Source records:
□ □ □ □

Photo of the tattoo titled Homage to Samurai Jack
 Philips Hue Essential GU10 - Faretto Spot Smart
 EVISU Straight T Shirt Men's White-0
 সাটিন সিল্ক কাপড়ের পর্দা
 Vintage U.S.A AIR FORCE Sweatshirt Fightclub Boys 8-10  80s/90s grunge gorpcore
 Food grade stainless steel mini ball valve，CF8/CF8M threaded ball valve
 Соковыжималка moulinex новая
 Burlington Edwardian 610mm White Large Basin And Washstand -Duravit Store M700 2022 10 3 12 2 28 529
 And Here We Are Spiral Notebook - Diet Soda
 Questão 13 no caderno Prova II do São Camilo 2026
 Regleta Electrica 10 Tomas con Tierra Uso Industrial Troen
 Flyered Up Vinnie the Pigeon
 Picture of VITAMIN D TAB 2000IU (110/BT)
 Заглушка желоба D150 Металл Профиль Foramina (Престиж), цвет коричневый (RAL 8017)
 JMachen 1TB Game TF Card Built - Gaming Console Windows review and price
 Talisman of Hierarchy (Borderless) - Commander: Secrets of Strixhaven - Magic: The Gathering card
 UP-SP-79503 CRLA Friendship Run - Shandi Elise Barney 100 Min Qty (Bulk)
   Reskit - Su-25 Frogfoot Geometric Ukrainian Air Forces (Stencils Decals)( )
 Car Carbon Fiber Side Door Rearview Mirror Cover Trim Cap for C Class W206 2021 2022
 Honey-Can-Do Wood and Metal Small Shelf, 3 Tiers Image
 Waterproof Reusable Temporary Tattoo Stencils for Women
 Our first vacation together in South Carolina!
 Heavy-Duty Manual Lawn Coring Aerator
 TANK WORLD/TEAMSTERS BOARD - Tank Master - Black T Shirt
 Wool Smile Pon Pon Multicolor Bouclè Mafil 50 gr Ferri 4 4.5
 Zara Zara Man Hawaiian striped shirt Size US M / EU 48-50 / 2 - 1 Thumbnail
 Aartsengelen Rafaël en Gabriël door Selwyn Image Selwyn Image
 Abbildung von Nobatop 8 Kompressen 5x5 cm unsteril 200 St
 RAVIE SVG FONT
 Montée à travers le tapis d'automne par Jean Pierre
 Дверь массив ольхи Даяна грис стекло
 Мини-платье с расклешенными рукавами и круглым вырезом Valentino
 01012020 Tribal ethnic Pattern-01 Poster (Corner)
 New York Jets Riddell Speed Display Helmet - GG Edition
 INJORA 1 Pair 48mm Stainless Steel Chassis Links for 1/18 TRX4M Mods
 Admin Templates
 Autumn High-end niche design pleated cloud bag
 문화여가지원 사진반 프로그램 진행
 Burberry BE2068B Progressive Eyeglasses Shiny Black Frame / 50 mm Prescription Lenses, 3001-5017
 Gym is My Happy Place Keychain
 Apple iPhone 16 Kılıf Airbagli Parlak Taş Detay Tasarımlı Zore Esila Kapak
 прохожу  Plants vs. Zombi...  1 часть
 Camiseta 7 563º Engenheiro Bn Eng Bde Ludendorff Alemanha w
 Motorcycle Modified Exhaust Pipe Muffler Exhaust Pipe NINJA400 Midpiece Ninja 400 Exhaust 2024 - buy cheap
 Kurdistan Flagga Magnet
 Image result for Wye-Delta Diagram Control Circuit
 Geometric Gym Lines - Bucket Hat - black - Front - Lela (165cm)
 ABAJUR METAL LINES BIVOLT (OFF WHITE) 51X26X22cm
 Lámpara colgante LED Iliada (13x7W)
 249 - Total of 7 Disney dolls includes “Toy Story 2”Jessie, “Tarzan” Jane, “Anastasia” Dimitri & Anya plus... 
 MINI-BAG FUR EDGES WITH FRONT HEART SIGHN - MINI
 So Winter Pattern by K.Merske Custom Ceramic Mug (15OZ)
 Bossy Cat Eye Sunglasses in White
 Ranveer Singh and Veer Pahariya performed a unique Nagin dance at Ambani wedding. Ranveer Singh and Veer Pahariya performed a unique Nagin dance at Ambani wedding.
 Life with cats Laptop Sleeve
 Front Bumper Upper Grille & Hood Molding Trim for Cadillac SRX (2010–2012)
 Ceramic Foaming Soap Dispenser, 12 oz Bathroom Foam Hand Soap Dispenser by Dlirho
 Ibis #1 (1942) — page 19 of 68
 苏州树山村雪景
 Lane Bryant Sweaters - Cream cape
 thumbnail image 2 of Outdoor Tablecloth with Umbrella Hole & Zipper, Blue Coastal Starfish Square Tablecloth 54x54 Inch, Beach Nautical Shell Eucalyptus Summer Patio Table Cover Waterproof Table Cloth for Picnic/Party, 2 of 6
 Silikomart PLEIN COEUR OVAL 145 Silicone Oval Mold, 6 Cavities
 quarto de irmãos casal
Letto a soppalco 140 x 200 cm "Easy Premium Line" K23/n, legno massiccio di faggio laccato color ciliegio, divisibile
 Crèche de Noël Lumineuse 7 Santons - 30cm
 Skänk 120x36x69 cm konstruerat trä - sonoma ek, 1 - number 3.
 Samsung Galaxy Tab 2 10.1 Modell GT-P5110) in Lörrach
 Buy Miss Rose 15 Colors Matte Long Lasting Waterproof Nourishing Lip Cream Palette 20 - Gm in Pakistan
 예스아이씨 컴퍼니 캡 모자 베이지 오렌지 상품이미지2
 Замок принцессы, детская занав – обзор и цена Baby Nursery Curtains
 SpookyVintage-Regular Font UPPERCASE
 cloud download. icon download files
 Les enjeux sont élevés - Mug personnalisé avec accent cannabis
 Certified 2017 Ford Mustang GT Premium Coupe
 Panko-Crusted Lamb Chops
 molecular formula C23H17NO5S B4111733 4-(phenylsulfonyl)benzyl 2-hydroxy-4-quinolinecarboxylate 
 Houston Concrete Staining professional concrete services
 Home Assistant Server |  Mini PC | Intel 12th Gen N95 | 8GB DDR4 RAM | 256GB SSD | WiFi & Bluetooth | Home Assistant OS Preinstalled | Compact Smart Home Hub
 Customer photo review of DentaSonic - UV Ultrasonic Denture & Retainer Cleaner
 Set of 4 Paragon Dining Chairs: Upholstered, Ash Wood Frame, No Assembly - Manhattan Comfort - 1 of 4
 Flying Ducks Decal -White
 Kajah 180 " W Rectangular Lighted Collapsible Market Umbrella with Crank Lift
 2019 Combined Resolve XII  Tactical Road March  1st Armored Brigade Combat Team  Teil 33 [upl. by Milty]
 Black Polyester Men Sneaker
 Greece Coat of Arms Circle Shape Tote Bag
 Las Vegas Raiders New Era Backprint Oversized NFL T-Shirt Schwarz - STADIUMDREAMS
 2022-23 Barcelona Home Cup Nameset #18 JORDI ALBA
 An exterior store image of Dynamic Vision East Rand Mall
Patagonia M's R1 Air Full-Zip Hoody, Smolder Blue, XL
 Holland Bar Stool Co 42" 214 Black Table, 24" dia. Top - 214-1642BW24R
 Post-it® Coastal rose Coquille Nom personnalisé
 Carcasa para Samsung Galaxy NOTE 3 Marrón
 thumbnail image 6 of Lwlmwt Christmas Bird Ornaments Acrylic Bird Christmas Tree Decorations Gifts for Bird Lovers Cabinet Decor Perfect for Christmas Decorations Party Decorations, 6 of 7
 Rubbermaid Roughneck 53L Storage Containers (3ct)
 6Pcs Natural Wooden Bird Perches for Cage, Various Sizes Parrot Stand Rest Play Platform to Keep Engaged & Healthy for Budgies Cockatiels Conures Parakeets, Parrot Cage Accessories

□ □ □ □

#### Instructions to follow:
Output the lines of the records above exactly as they appear, from the line containing "Home Assistant Server" through the line containing "Customer photo review".

#### Output:
 Home Assistant Server |  Mini PC | Intel 12th Gen N95 | 8GB DDR4 RAM | 256GB SSD | WiFi & Bluetooth | Home Assistant OS Preinstalled | Compact Smart Home Hub
 Customer photo review of DentaSonic - UV Ultrasonic Denture & Retainer Cleaner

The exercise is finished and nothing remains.